I have a kafka consumer that is not getting all the records from the topic. Kafka conforms there are 300k messages in each partition, and flink only sees a total of 8000 records in the source.
Kafka is 2.0, flink is 1.4.2 connector is FlinkKafkaConsumer011
Properties props = new Properties();
props.setProperty("bootstrap.servers", servers);
props.setProperty("group.id", UUID.randomUUID().toString());
props.setProperty("flink.partition-discovery.interval-millis", "10000");
props.put(ConsumerConfig.AUTO_OFFSET_RESET_CONFIG, "earliest");
DataStream<String> ds = consumers.get(a.eventType);
if (ds == null) {
FlinkKafkaConsumer011<String> cons = new FlinkKafkaConsumer011<String>(
topic, new SimpleStringSchema(), props);
cons.setStartFromEarliest();
ds = env.addSource(cons).name(et.name).rebalance();
consumers.put(a.eventType, ds);
}
I am about to rip out the kafka consumer and build a source using the client library which has been 100% reliable in working with kafka.

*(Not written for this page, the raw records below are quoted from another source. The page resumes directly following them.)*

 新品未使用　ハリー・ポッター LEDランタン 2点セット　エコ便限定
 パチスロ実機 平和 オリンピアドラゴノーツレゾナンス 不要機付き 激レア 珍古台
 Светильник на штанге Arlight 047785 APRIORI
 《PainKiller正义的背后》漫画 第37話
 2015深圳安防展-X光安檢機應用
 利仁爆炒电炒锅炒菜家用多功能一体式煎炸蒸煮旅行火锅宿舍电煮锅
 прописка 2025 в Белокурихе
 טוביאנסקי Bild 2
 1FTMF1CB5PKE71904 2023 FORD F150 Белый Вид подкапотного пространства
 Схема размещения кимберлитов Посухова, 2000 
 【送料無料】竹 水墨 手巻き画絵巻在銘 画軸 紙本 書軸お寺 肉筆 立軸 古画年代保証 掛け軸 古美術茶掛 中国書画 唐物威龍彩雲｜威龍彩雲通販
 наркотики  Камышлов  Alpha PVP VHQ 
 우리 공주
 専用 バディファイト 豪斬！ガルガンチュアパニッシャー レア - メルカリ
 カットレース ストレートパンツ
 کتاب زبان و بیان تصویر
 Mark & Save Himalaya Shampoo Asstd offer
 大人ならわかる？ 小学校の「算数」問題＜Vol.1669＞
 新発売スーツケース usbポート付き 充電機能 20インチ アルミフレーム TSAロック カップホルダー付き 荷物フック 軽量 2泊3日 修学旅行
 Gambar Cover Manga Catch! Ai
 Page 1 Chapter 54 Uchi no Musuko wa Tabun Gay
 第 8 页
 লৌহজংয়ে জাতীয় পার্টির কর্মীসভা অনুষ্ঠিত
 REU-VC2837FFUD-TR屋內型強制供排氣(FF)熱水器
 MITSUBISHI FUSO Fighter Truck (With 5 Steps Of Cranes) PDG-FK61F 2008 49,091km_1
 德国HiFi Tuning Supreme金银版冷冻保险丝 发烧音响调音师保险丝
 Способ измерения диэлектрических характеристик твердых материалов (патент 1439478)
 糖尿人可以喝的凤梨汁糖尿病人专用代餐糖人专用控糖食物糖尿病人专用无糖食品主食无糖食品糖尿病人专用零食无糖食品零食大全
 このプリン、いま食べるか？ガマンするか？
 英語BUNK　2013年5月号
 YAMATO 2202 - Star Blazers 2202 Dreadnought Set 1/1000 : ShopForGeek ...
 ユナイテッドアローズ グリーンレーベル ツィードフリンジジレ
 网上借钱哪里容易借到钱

Any pointers welcome.
Michael
Re: Kafka connector issue
Posted by TechnoMage <ml...@technomage.com>.
It looks like it is some issue with backpressure as the same behavior happens with the client library as a custom source.
Michael
> On Aug 16, 2018, at 6:59 PM, TechnoMage <ml...@technomage.com> wrote:
>
> I have seen this in the past and running into it again.
>
> I have a kafka consumer that is not getting all the records from the topic. Kafka conforms there are 300k messages in each partition, and flink only sees a total of 8000 records in the source.
>
> Kafka is 2.0, flink is 1.4.2 connector is FlinkKafkaConsumer011
>
> Properties props = new Properties();
> props.setProperty("bootstrap.servers", servers);
> props.setProperty("group.id", UUID.randomUUID().toString());
> props.setProperty("flink.partition-discovery.interval-millis", "10000");
> props.put(ConsumerConfig.AUTO_OFFSET_RESET_CONFIG, "earliest");
> DataStream<String> ds = consumers.get(a.eventType);
> if (ds == null) {
> FlinkKafkaConsumer011<String> cons = new FlinkKafkaConsumer011<String>(
> topic, new SimpleStringSchema(), props);
> cons.setStartFromEarliest();
> ds = env.addSource(cons).name(et.name).rebalance();
> consumers.put(a.eventType, ds);
> }
>
> I am about to rip out the kafka consumer and build a source using the client library which has been 100% reliable in working with kafka. Any pointers welcome.
>
> Michael
>